In the listing below, find the line with "Red Door Apartment" and the line with "Volkswagen Lavida 2024", then return them and every line between them exactly, minus the pictures.
Entries provided START
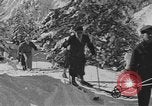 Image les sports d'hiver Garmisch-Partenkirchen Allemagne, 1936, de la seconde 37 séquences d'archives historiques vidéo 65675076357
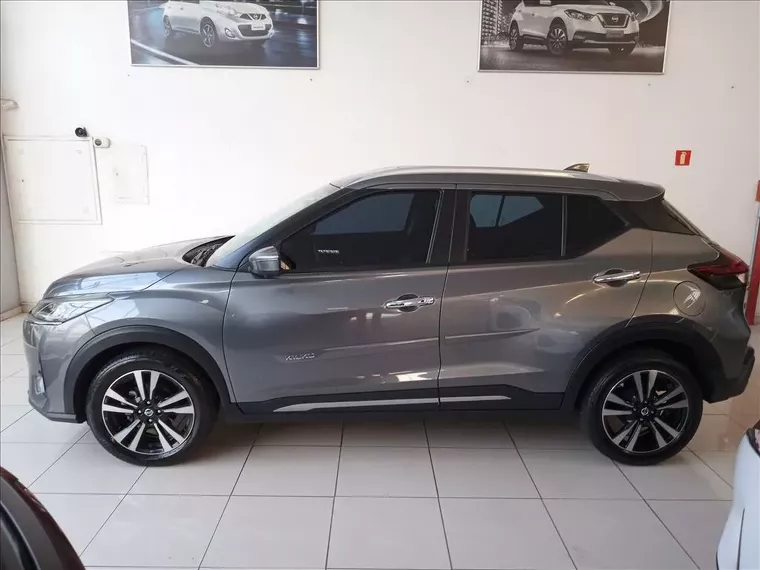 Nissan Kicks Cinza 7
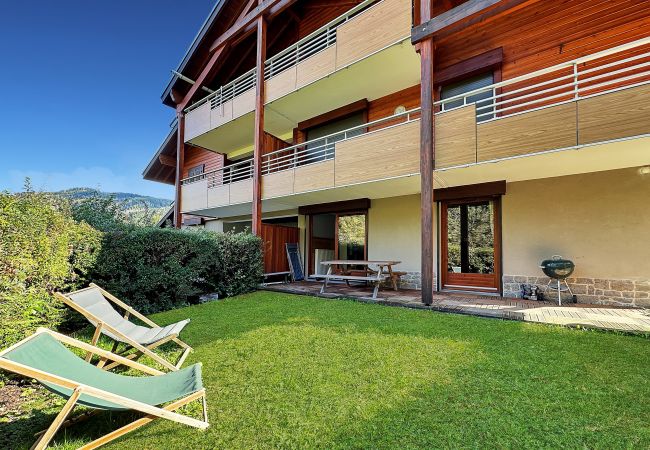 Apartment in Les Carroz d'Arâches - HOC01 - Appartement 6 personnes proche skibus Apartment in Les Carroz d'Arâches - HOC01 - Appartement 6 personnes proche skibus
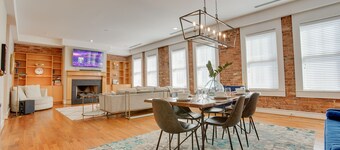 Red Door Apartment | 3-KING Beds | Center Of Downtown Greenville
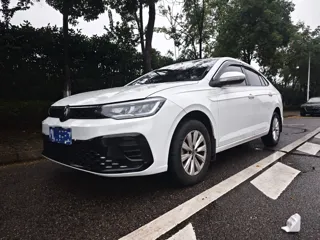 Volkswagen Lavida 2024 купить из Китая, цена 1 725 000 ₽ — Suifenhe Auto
Entries provided END
Entries provided START
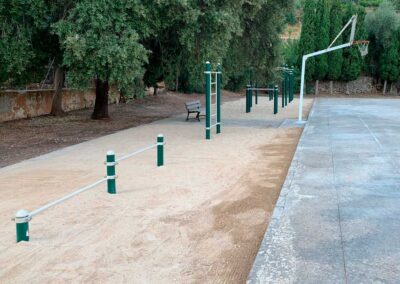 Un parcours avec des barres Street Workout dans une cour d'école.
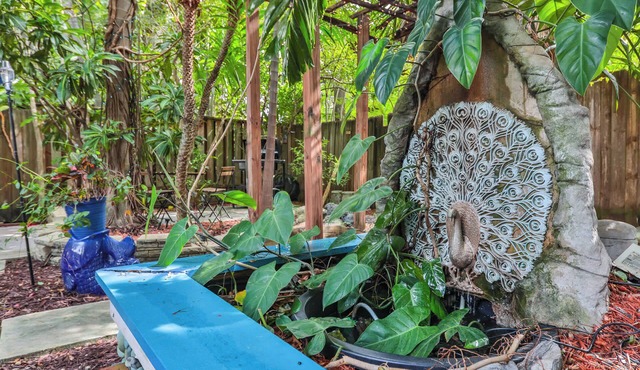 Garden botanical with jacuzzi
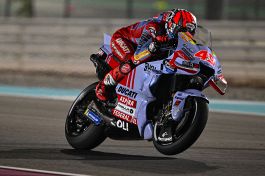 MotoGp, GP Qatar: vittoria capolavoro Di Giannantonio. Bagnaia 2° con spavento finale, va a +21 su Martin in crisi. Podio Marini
Entries provided END
**Completed task**:
 Red Door Apartment | 3-KING Beds | Center Of Downtown Greenville
 Volkswagen Lavida 2024 купить из Китая, цена 1 725 000 ₽ — Suifenhe Auto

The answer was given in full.